About Roy Greenberg Esq.
The Practice and Clients
My practice is limited to buying, selling, building, and leasing real estate. I have represented sellers, buyers, builders, title companies, and banks. My clients are from all over America, as well as from England, Ireland, the Netherlands, Switzerland, and Sweden.
I personally handle every file that comes across my desk instead of giving it to a summer intern or associate. Because of my focus on real property, I’ve been able to purchase specialized software, books and database subscriptions, all to do a better job for you.
Admitted to practice in New York, United States District Court, Southern and Eastern Districts.
Member of the Suffolk Bar, New York Bar, and American Bar Associations.
I have spent the bulk of my career working as a real estate attorney, and I'm available to serve as a media source speaking on topics like:
- Unique patterns of the luxury real estate market
- Common mistakes buyers and sellers make
- How to protect yourself when you're buying a home
- How to know if you're working with the right attorney
- What to expect when you're spending millions on a home
- What to do when a real estate deal starts going south
- What the wealthiest people in the world really want in a home
- How buying and selling is different when it's a second home
You can see some of my press clips on how town and village property taxes work in the Hamptons, which property taxes can be deducted in the US, and whether there are benefits to prepaying your property taxes in the US.
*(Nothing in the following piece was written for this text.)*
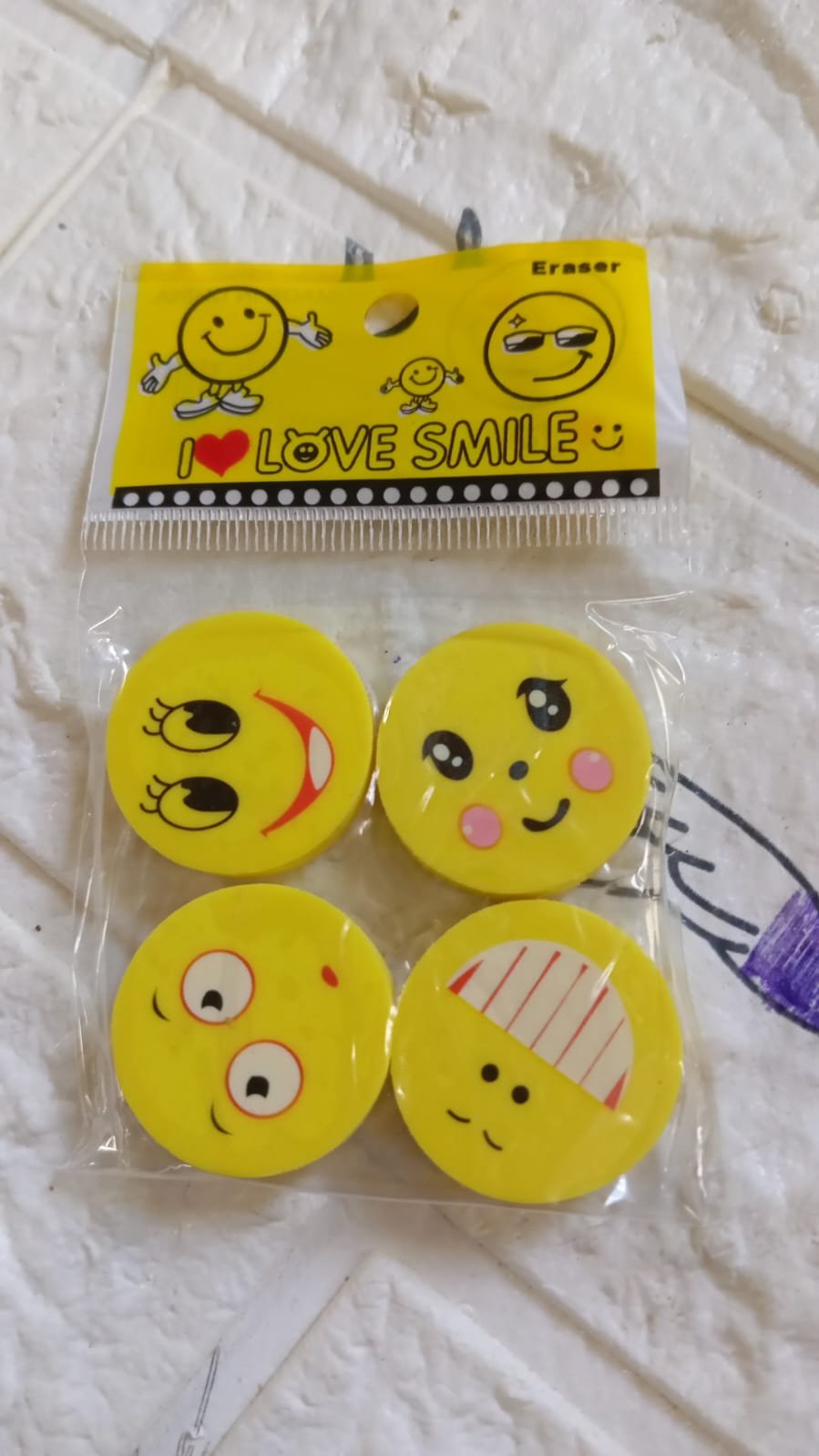 Cute Smile Emoji Eraser Set – Perfect for Kids (4pc Set) - Shivani Jaswal Cute Smile Emoji Eraser Set – Perfect for Kids (4pc Set)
My use of technology has always helped me better serve my clients. I am a Suffolk County leader in the use of technology in law offices. After buying my first PC in 1988, I explored the use of email before most attorneys knew what it was. Before queries could be Googled, I answered legal questions on long-gone online bulletin boards. I was among the first attorneys on Long Island to use customized document assembly software (under MS-DOS, no less) to more quickly produce a quality product. Few attorneys agreed when I suggested that their multi-volume libraries would be replaced by online research. I can still remember the look of astonishment at closings in the late ‘90s when I opened my laptop to show how my spreadsheet automatically adjusted the final figures.